BitonicPixelSorter

June 7, 2026 · View on GitHub

True realtime pixel sort effect for Unity with GPU-accelerated bitonic sorting.

Live Demo (WebGPU port)

The screenshot below shows it running on an NVIDIA GeForce RTX 4070 and it keeps over 1000 FPS at FHD resolution.

Image

The processing time on the GPU is approximately 340μs using an NVIDIA GeForce RTX 4070 at FHD resolution.

Image

Installation

Use UPM git dependencies.

  1. Open Package Manager and click + > Add package from git URL...

  2. Enter https://github.com/ruccho/BitonicPixelSorter.git?path=/Packages/com.ruccho.bitonicpixelsorter#release

  3. (Optional) To use a RendererFeature for UniversalRP, also install https://github.com/ruccho/BitonicPixelSorter.git?path=/Packages/com.ruccho.bitonicpixelsorter.urp#release

BitonicPixelSorter Component

image

PropertyTypeDescription
Use As Image EffectboolIt works as an image effect when attached to the camera.

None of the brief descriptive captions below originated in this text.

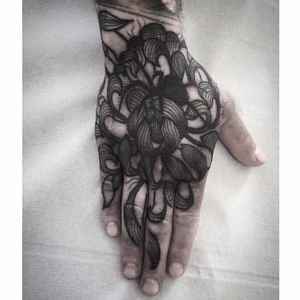 Flower tattoo by Abes #Abes #blackwork #surrealistic #flower #spider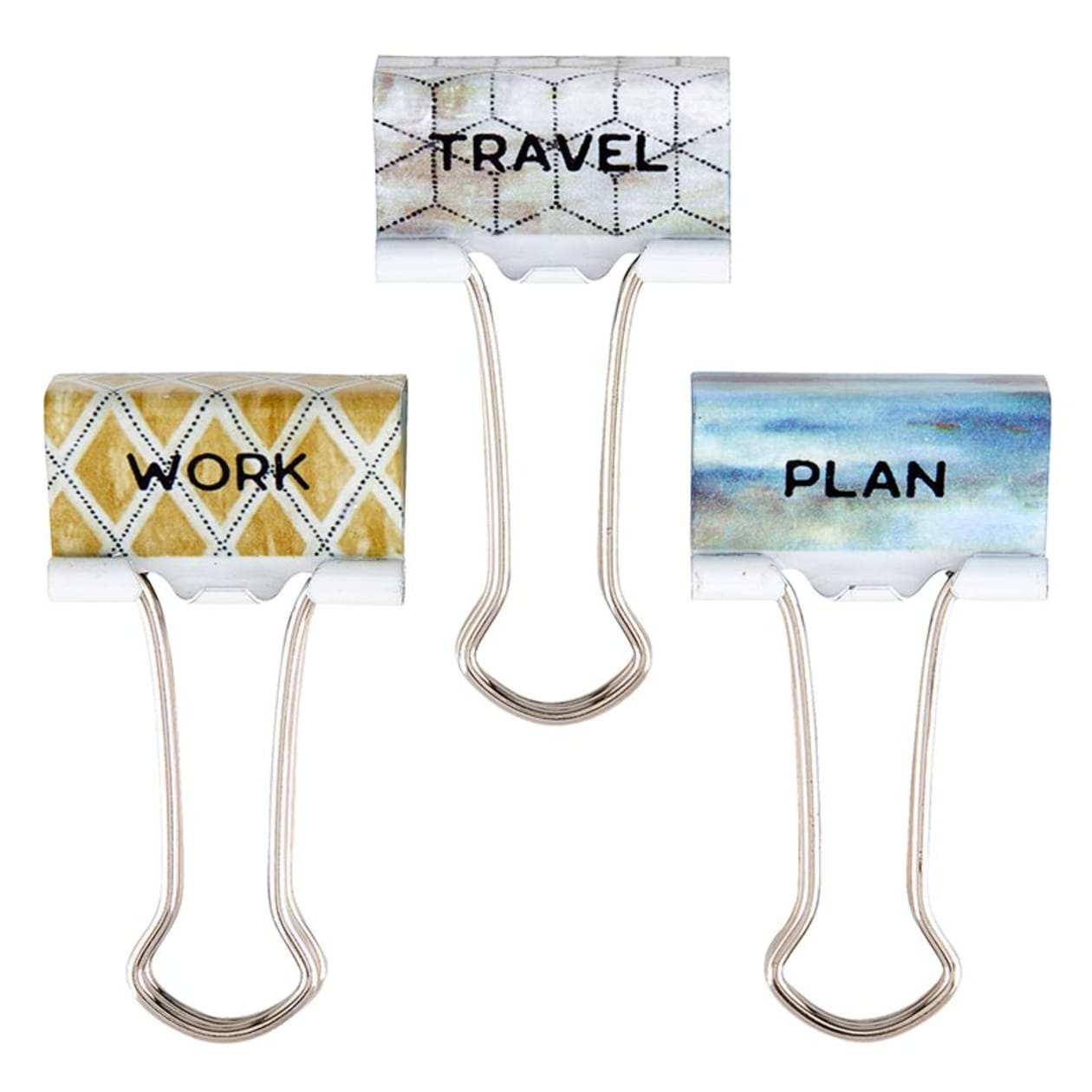 Travel Binder Clips | Binder Clips Set In Jar | 12 Pieces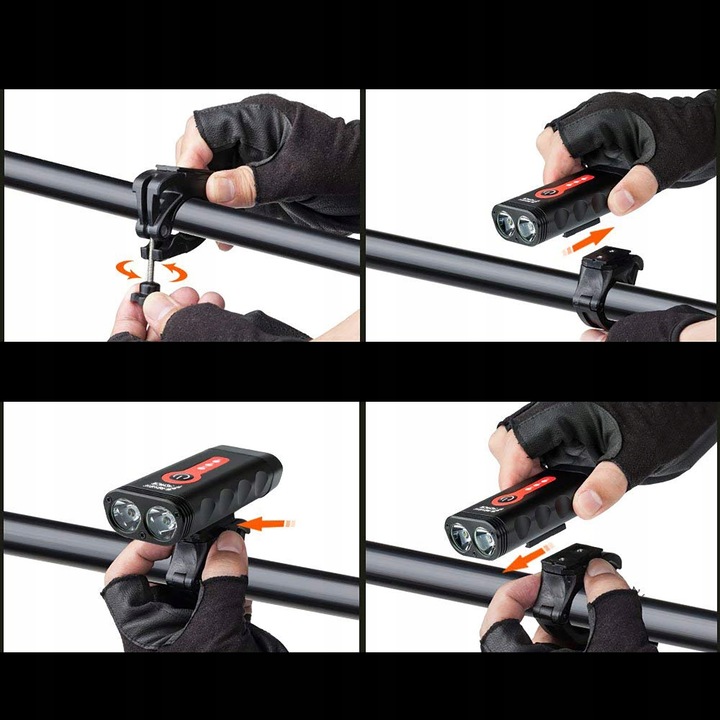 Lampka Rowerowa Światło PRZÓD TYŁ LED na rower kierownicę MOCNA USB 1800lm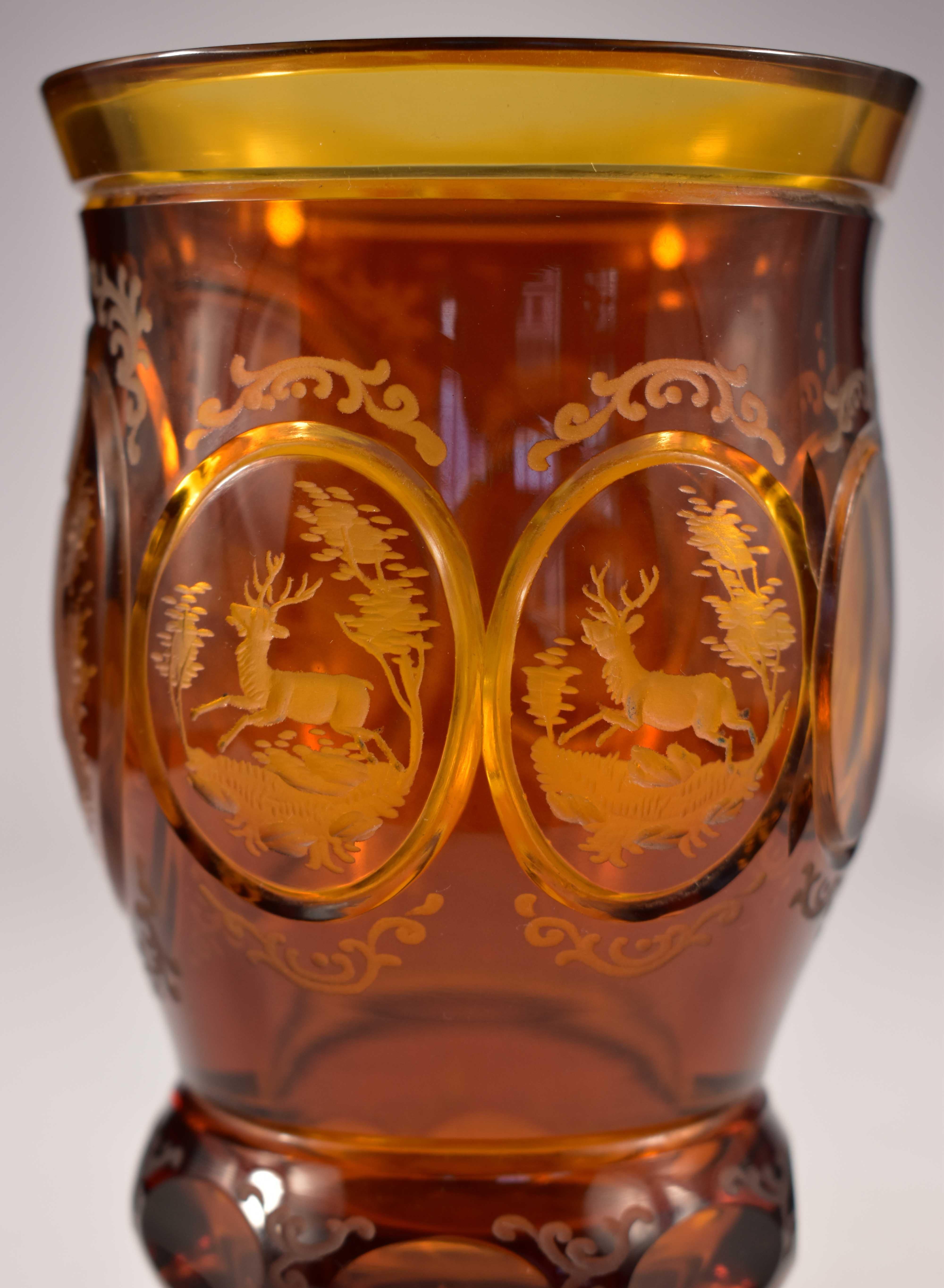 Art Glass Engraved Amber Glass Goblet, Hunting Motif, Bohemian Glass 20th Century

This is only active when you are using builtin render pipeline.
ShaderComputeShaderSet BoitonicPixelSorter.compute.
DirectionboolSwitches sorting direction between horizontal / vertical.
AscendingboolSwitches ordering.
Threshold MinfloatLower threshold of the brightness.
Threshold MaxfloatUpper threshold of the brightness.

Use from code

var sorter = GetComponent<BitonicPixelSorter>();

//BitonicPixelSorter.Execute(Texture src, RenderTexture dst)
sorter.Execute(sourceTexture, destinationTexture);

Use RendererFeature for UniversalRP

In your renderer asset, add Bitonic Pixel Sorting Feature to the renderer feature list.

Algorithm

Pixel sorting sorts contiguous spans of pixels whose brightness falls within a threshold range, along each row (or column) of the image. BitonicPixelSorter performs this entirely on the GPU in a single compute dispatch — one thread group per line — using a bitonic sorting network, a data-independent comparison network that maps perfectly to GPU parallelism. Everything happens in group shared memory; the source texture is read once and the result is written once.

1. Load

Each thread loads a contiguous chunk of the line, computes the brightness of each pixel, and stores a packed sort key into group shared memory: the original pixel index in the high 16 bits and the f16 brightness in the low 16 bits, so a compare-exchange later is just a 32-bit swap. An in-threshold bitmask of the chunk is kept in registers.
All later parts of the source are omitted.